Since the DOL measure
died in court earlier this year, it's unclear whether this trend in reduced inflows will continue under the Securities and Exchange Commission's advice reform proposal designed to raise the standard of care for brokers.
The
Morningstar study says that prior to 2015, when the DOL rule was proposed, brokers were generally more likely to recommend higher-cost funds. They changed their habits to comply with the pending DOL rule.
"Flows into mutual funds paying unusually high excess loads declined after the DOL proposed its fiduciary rule in 2015, and this shift is statistically significant," according to the Morningstar report. "This reduction in the distortionary effect of conflicted payments suggests that firms put in place effective policies and procedures to mitigate conflicts of interest in response to the DOL rule and, further, that the SEC's proposal could maintain this important momentum."
The SEC is expected to release a final advice rule
by the middle of next year. Whether the measure has the same impact as the short-lived DOL rule is an open question.
"It depends on how they enforce it and how seriously firms take it," said Aron Szapiro, Morningstar director of policy research.
One investor advocate said that the Morningstar findings demonstrate the effectiveness of the conflict mitigation provisions of the DOL rule. He's not sure that the centerpiece of the SEC rule,
Regulation Best Interest, will have the same impact.
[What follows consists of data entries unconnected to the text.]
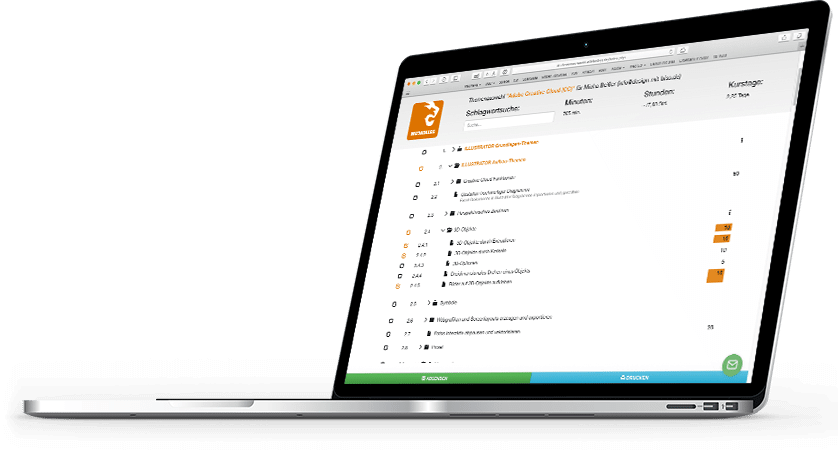Zwei Monitore mit Seminarteilnehmern auf dem einen und der Schulungssoftware auf dem zweiten Bildschirm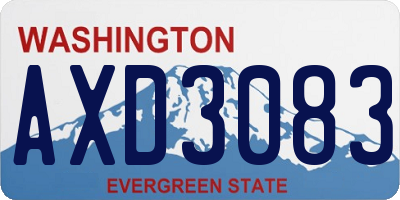 WA license plate AXD3083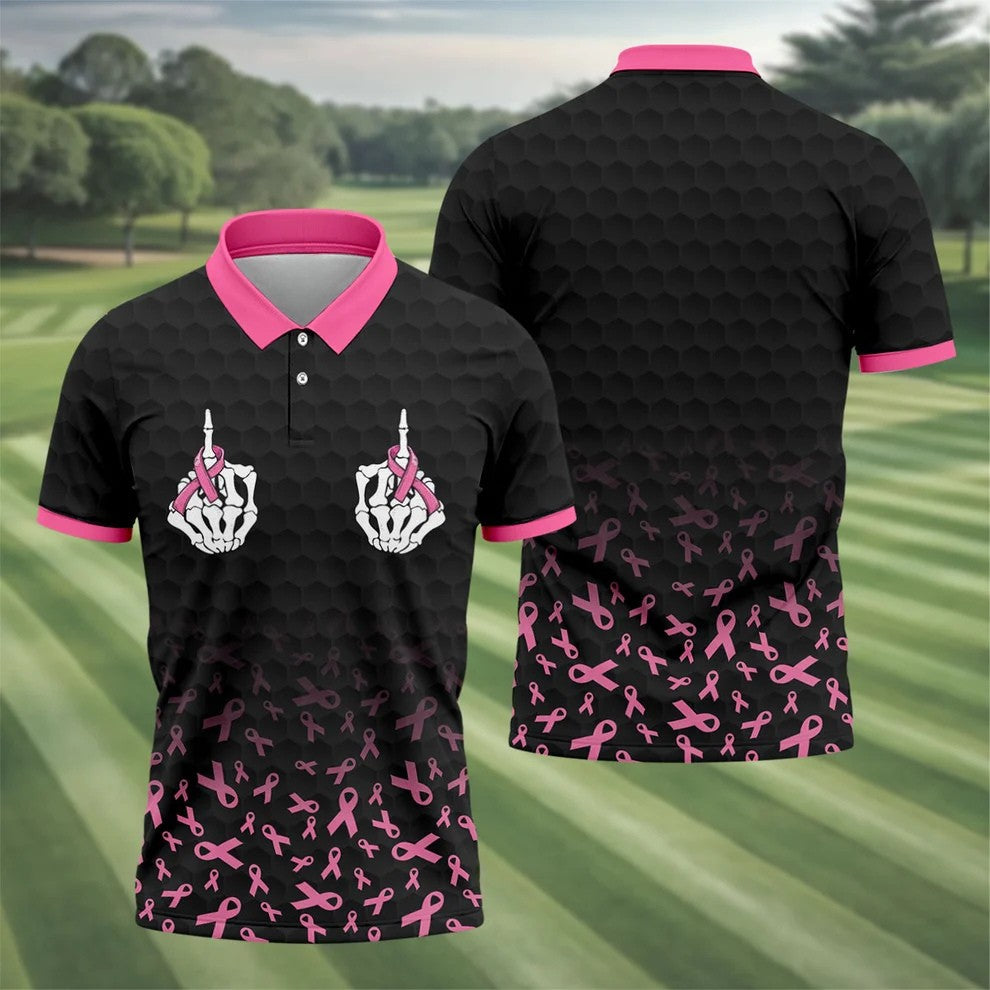 Two Skeleton Middle Fingers Breast Cancer Polo Shirt, Mens Polo Shirts, Mens Golf Apparel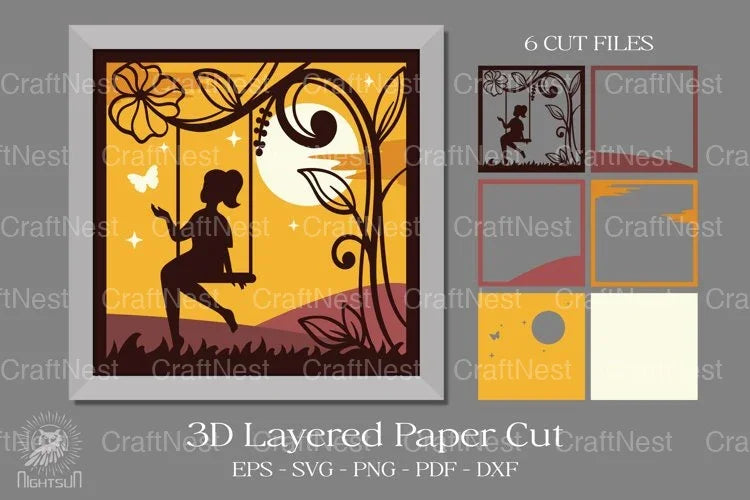 Beautiful Girl 3D Shadow Box Clipart Bundle - CraftNest - Digital Crafting and Art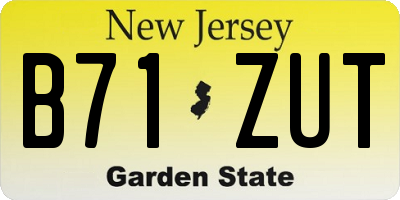 NJ license plate B71ZUT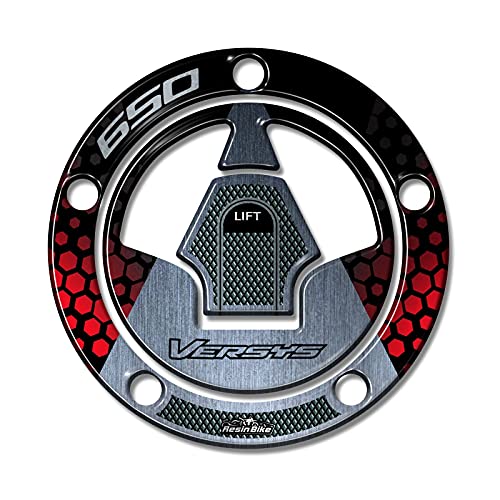 Resin Bike Aufkleber für Motorrad Kompatibel mit Kawasaki Versys 650 2021. Tankdeckelschutz mit 5 Löchern vor Stößen und Kratzern. 3D-Harzklebstoff – Stickers - Made in Italy von Resin Bike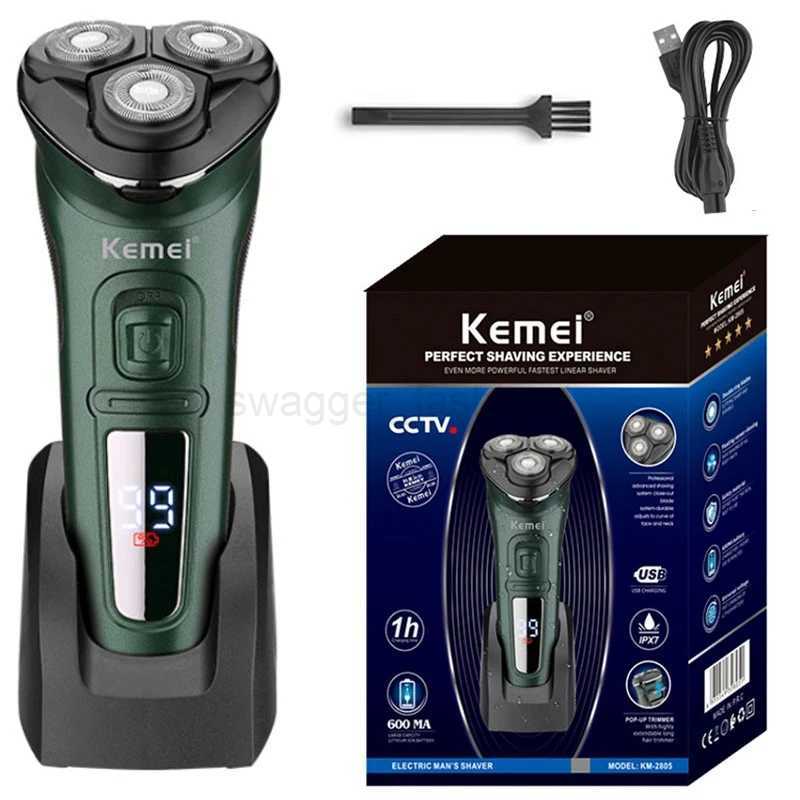 Kemei Lcd Dislay Waterproof Electric Shaver For Men Wet Dry Beard Electric Razor Facial Shaving Machine RechargeableB240709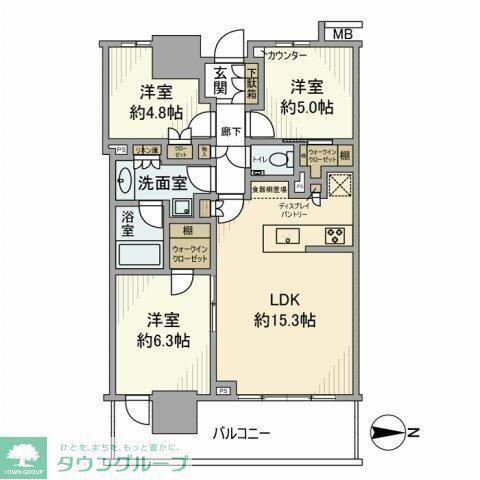 幕張ベイパーク ミッドスクエアタワー(3LDK/7階)の間取り写真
"It's an excellent testament that regulations with teeth can work," Knut Rostad, president of the Institute for the Fiduciary Standard, said of the Morningstar study. "In its present form, Regulation Best Interest provides none of the teeth that the DOL rule offered."
Regulation is not the only force reducing the popularity of high-load mutual funds, Mr. Szapiro said. Other factors include an industry movement toward lower-cost funds since the financial crisis and a migration of financial professionals to advisory models that require acting in a client's best interests.
A
report earlier this year by the Investment Company Institute showed that expense ratios for mutual funds have been falling for more than 20 years.
"The DOL rule added fuel to the rocket ship," Mr. Szapiro said.